John Giacon 2020-03-16
Gunbaldaay: maayrr-wan.gaan Yuwaalaraay
Gunbaldaay: marayrr-ban.gaan Gamilaraay
One step in developing words is to look at the origin of the English word. For ‘bully’ dictionary.com has:
noun, plural bul·lies
a blustering, quarrelsome, overbearing person who habitually badgers and intimidates smaller or weaker people.
Archaic. a man hired to do violence.
Obsolete. a pimp; procurer.
Obsolete. good friend; good fellow.
verb (used with object), bul·lied, bul·ly·ing.
to act the bully toward; intimidate; domineer.

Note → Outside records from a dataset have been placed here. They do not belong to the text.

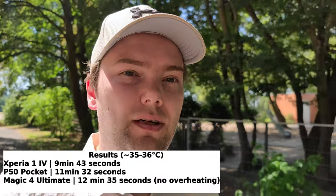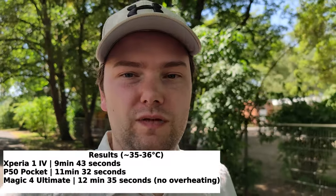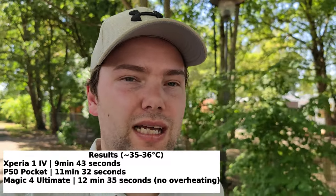The Honor Magic 4 Ultimate recorded 12 minutes 35 seconds — the longest of all high-end phones tested, beating both the Xperia 1 Mark IV and the P50 Pocket. I'm not sure even the P50 Pro would survive this heat. Thanks for watching — let me know your thoughts in the comments. That's everything for this video. Hope you enjoyed it — until next time, bye!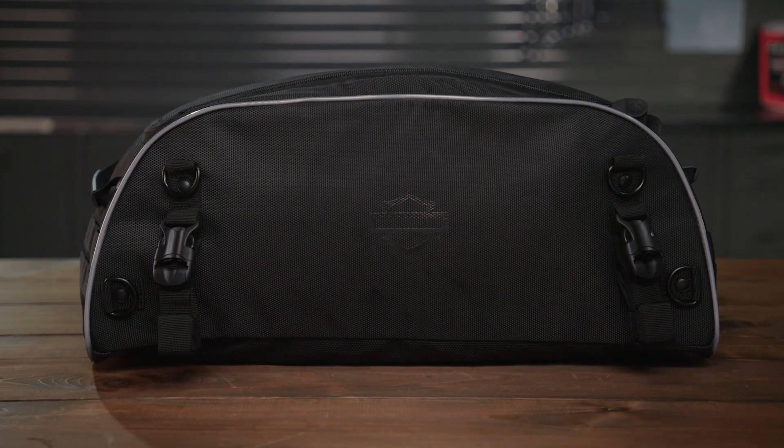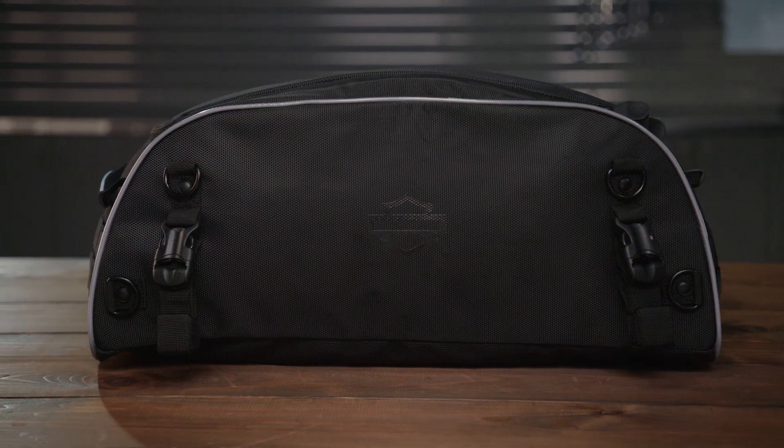Onyx Luggage — see your local Harley-Davidson dealer and find more storage for more miles.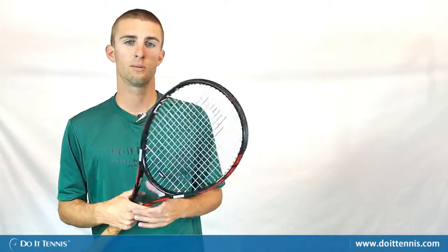Hi, this is Micah with Do It Tennis and today we're taking a look at the Prince Warrior Pro 100 tennis racket. The first thing I want you to notice is that there are no speed ports or XO3 ports in this racket. This is meant to come back to the traditional feel that Prince had a few years ago. I think they did a good job on this racket, but first let's take a look at some of the specs before we go out to the court and try it out.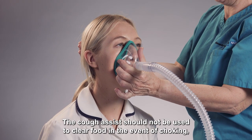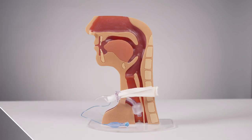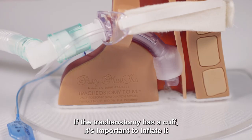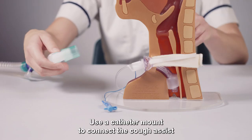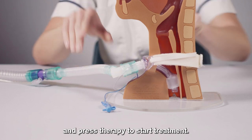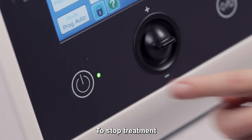The Cough Assist should not be used to clear food in the event of choking, as you can push the food further down the wrong way into your lungs. If connecting to a tracheostomy, use a catheter mount or tracheostomy connector. If the tracheostomy has a cuff, it's important to inflate it and reduce the amount of air leaking from the site. Use a catheter mount to connect the Cough Assist and press Therapy to start treatment.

Google also has the surprising path the word has followed:
mid 16th century: probably from Middle Dutch boele ‘lover’. Original use was as a term of endearment applied to either sex; it later became a familiar form of address to a male friend. The current sense dates from the late 17th century.
The word seems to have no relationship to the formally [shape-wise] similar ‘bull’.
The closest GY word I can think of is ngayu-gi ‘tread on’. The meaning of this could be extended to include ‘bullying’. An alternative is to develop a new verb using a pattern that is very common in GY: a noun or adjective with a verb forming suffix, e.g. maaru ‘well’; maaru-ma-li ‘heal, fix, make better’; that is the Gamilaraay; in Yuwaalaraay maayumali.
One purpose of bullying is to make the other afraid. The dictionary had three words for ‘afraid’, garigari, giyal and gun.gun. Giyal also has to do with ‘shame’, so probably not the best to use in developing a word for ‘bully’. GY has a number of ‘causative’ verb suffixes (i.e. = ‘make something happen’): -ma-li often implies ‘do with hand’; -ba-li can have a broader application, include ‘make something happen by talking/saying’. So a transitive verb could be formed. The first part to do with ‘fear’ (garigari, gari, gun.gun or gun) and second part to do with causing (-ma-li or -ba-li).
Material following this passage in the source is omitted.